Suffice to say then that you would take anything, or quit. So, you have accepted every ride? That is fine, Uber keeps 60 percent or 20 percent? And you are fine,? each one? They are on the same day. Ok? Uber asks ok? and you say yaeah! Or you quit. So why are you on a forum? What do you want? You make no money writing. Oh I had forgotten. You are the tax shelter driver. Sorry.


----------



## Dekero (Sep 24, 2019)

Wolfgang Faust said:


> Working for less than half of what we made four years ago, and they still cut rates... .while being unable to be profitable.
> 
> Luber is ignorant, unethical, pathetic, and evil.


And yet... You still drive....



LADryver said:


> Suffice to say then that you would take anything, or quit. So, you have accepted every ride? That is fine, Uber keeps 60 percent or 20 percent? And you are fine,? each one? They are on the same day. Ok? Uber asks ok? and you say yaeah! Or you quit. So why are you on a forum? What do you want? You make no money writing. Oh I had forgotten. You are the tax shelter driver. Sorry.

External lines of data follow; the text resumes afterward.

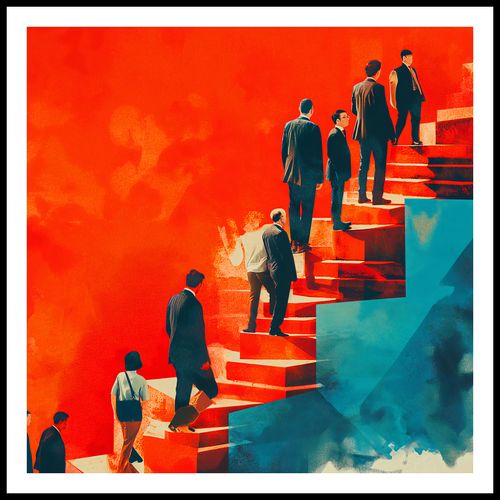 Plakat 100x100cm Metafory Sukcesu na Arena.pl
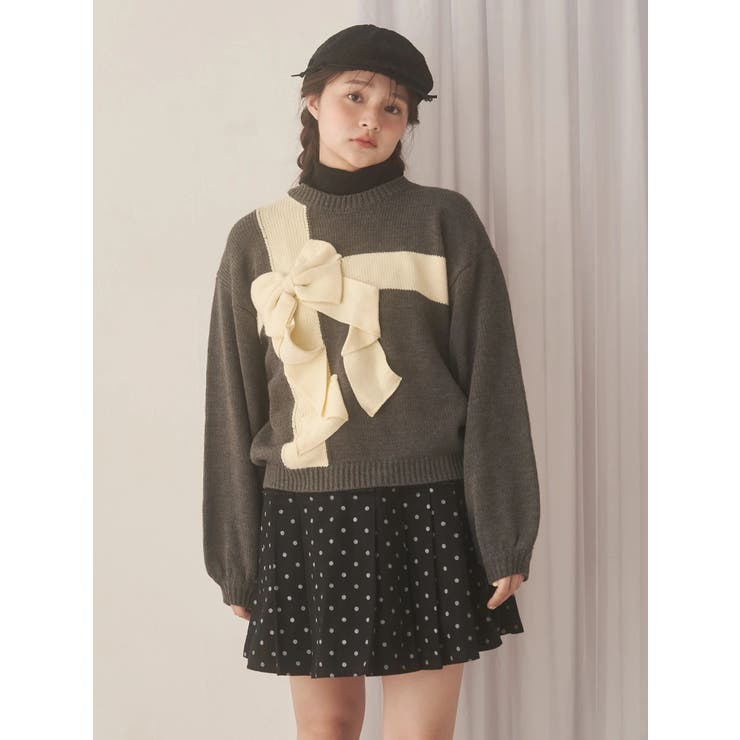 lulu dotプリーツミニスカート | merry jenny | 詳細画像26 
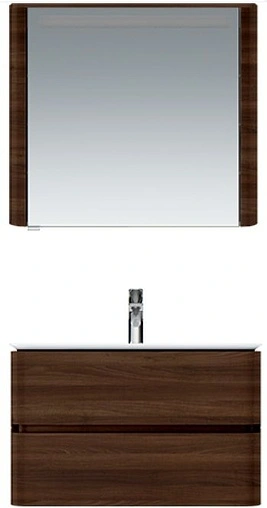 Шкаф-зеркало Am.Pm Sensation 80 R орех M30MCR0801NF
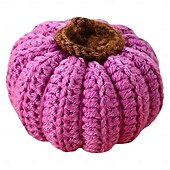 economico Copricuscini per cuscini decorativi-zucche di simulazione di Halloween lavorate a maglia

Apparently you dont pay attention.... I have posted all over this site about how I pick and choose when and what to take.. and have an AR of low teens... And a cancel rate in the mid teens.. so Im the last guy to be calling a take every ride driver... Thus why I drove during an event last nite and not during the garbage hours

Also why I posted in this post originally... To point out there is money to be made if you know how and when to work the system .. move along sir and continue to CRY about the good old days...


----------



## Wolfgang Faust (Aug 2, 2018)

Dekero said:


> And yet... You still drive....


Yes, only driving private livery, Black and SUV.
I purchased a black spot with a Lincoln Town Car five years ago. Drove black, select and x.

I will not drive x today.


----------



## IR12 (Nov 11, 2017)

Grokit said:


> Trigger Warning - Clicking link may lead to depression, outrage, and outbursts of profanity.
> 
> But if you need more motivation to quit, this will help....
> 
> *Golden Years*


There are drivers on this forum that will say it was never that good. So just imagine 2009 rates. Yeah, it's enough to make you throw up.


----------



## mch (Nov 22, 2018)

Part of me is glad i didnt drive back then. If I did and I was still driving Id probably be a miserable prick.


----------



## SHalester (Aug 25, 2019)

In the good one days I was in my career making W2 wages. Uber would not have paid the bills.


----------



## gooddolphins (Apr 5, 2018)

Wow my area was 1.80 mile. I am fortunate more than most though cause currently I get .98 mile
cause I’m a old timer doing this.


----------



## Nats121 (Jul 19, 2017)

Grokit said:


> Trigger Warning - Clicking link may lead to depression, outrage, and outbursts of profanity.
> 
> But if you need more motivation to quit, this will help....
> 
> *Golden Years*


The chart goes back to May 2014, but several of the mature markets had already been cut in 2013.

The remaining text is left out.